El desastre de la “Armada Invencible” (1588), que nos privó del dominio del mar, y la bancarrota de la hacienda española, hicieron aún más difíciles el mantenimiento del inmenso imperio ultramarino con que la fortuna había dotado a España.

La sublevación de Portugal y su posterior separación de España trajo aparejada la restitución a la corona portuguesa de las posesiones aportadas en 1580, excepto Ceuta que prefirió permanecer fiel a nuestra Patria. A partir de este momento, tan solo podemos anotar como ampliación de nuestros territorios la ocupación de la isla de Alhucemas, en 1673, o la de las Chafarinas ya en 1848. Por el contrario, las plazas de Ceuta y Melilla han de sufrir constantes y largas agresiones y situaciones de sitio, y se pierden las de: La Mamora en 1681, Larache en 1689, y Orán y Mazalquivir en 1792, ya en tiempos de Carlos IV.
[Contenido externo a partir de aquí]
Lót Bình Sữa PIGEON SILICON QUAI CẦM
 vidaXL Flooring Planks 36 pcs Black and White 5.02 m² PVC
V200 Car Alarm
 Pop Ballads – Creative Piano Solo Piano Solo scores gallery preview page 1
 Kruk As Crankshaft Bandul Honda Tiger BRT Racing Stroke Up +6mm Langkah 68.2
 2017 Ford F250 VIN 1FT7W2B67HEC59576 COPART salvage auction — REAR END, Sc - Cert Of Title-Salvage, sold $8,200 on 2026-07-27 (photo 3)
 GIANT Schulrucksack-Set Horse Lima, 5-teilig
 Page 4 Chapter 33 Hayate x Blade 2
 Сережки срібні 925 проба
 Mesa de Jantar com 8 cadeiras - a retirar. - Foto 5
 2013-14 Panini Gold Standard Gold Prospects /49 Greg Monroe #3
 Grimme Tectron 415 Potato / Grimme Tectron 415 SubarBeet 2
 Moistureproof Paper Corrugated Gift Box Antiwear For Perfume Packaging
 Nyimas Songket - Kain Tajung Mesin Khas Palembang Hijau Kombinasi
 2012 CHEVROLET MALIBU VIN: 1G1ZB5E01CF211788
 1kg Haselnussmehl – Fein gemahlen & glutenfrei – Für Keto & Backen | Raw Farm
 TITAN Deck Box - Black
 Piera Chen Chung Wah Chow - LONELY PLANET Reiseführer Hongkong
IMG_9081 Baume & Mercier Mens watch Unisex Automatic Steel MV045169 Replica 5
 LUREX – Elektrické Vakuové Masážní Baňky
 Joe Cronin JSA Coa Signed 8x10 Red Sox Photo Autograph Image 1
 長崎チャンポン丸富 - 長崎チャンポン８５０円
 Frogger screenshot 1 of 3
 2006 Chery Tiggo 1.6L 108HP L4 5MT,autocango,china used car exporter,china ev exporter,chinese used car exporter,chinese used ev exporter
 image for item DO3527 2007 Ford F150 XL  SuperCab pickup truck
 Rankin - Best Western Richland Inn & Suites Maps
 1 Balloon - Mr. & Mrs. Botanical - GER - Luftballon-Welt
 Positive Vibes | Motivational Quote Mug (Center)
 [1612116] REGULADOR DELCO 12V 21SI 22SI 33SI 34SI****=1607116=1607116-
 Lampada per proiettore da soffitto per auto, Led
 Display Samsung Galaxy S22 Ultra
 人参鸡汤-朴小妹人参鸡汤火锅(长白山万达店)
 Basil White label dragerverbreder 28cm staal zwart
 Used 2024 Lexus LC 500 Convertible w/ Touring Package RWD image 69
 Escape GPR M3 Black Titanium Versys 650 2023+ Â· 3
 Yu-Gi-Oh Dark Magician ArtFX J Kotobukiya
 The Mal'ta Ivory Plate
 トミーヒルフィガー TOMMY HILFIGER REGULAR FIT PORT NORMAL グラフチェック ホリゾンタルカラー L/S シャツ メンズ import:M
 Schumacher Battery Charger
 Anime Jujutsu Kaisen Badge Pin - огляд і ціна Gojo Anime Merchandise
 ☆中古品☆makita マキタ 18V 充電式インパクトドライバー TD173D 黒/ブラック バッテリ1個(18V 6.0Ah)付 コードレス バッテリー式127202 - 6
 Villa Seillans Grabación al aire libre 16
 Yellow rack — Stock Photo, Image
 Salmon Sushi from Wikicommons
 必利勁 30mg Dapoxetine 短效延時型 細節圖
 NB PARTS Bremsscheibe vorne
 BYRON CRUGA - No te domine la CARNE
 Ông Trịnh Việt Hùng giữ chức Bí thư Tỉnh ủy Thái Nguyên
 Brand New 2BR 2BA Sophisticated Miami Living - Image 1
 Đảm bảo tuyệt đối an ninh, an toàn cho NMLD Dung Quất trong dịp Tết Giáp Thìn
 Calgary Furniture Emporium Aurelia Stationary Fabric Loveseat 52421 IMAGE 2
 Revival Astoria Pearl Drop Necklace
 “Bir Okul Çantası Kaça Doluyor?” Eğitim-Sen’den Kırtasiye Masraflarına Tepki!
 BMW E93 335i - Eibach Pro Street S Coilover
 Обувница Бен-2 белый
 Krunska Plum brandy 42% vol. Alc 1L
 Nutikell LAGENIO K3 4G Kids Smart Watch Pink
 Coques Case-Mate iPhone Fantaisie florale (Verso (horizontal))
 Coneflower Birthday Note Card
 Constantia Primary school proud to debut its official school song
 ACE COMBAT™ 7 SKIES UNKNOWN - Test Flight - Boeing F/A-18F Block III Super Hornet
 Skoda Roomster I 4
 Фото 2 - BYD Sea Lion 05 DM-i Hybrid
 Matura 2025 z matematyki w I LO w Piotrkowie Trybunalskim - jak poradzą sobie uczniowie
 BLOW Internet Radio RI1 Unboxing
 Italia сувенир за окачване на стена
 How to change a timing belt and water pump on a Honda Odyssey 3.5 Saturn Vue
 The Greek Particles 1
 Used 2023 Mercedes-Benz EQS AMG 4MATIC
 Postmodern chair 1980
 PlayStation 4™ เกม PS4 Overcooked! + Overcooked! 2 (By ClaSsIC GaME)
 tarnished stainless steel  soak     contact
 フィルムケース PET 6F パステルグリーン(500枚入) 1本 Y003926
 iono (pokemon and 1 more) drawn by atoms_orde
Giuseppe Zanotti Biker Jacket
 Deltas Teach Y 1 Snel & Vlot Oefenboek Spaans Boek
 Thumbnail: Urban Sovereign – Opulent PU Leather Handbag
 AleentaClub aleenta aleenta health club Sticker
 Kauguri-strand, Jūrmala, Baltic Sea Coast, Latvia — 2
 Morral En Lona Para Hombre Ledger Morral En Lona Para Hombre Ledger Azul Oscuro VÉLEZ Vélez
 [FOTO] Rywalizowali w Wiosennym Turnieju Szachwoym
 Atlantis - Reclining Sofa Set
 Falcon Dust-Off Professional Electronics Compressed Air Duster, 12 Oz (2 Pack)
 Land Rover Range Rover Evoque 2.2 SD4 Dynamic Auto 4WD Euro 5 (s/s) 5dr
La larga presencia española en las costas africanas no fue ni fácil, ni pacífica, ni barata, siendo denominada por algunos como la “Guerra de los 300 años”, en clara alusión a otros conflictos europeos de larga duración como las guerras de los “30 ó 100 años”. Esta situación, tan prolongada en el tiempo, denota con toda claridad que nuestra presencia no fue nunca aceptada por los moros a la que se opusieron de forma constante, firme y decidida.